## DATA EXTRACT:
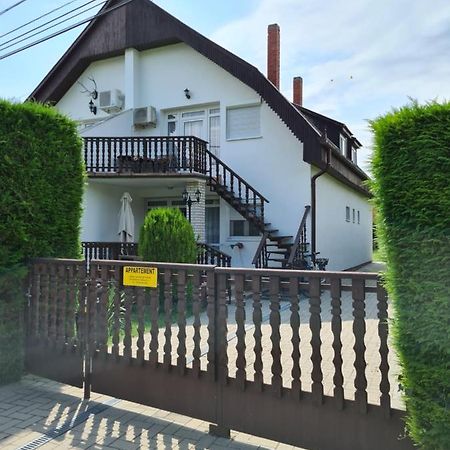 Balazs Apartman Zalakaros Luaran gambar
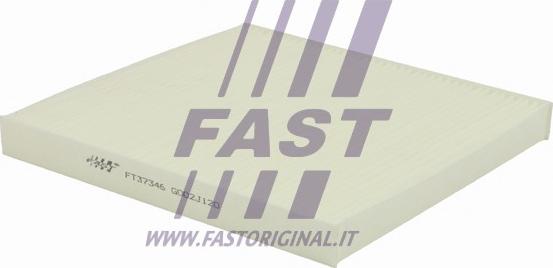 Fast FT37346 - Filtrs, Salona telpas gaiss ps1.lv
* * *
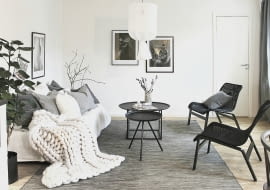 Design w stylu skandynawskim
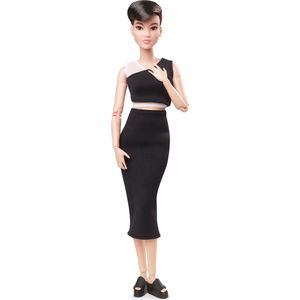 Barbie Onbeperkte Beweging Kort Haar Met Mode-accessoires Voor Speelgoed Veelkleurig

## ASSIGNMENT:
Pictures are to be left out. Write out only the lines above starting at the one with "Design w stylu skandynawskim" and ending at the one with "Barbie Onbeperkte Beweging", both lines included, exactly.

## ANSWER AREA:
 Design w stylu skandynawskim
 Barbie Onbeperkte Beweging Kort Haar Met Mode-accessoires Voor Speelgoed Veelkleurig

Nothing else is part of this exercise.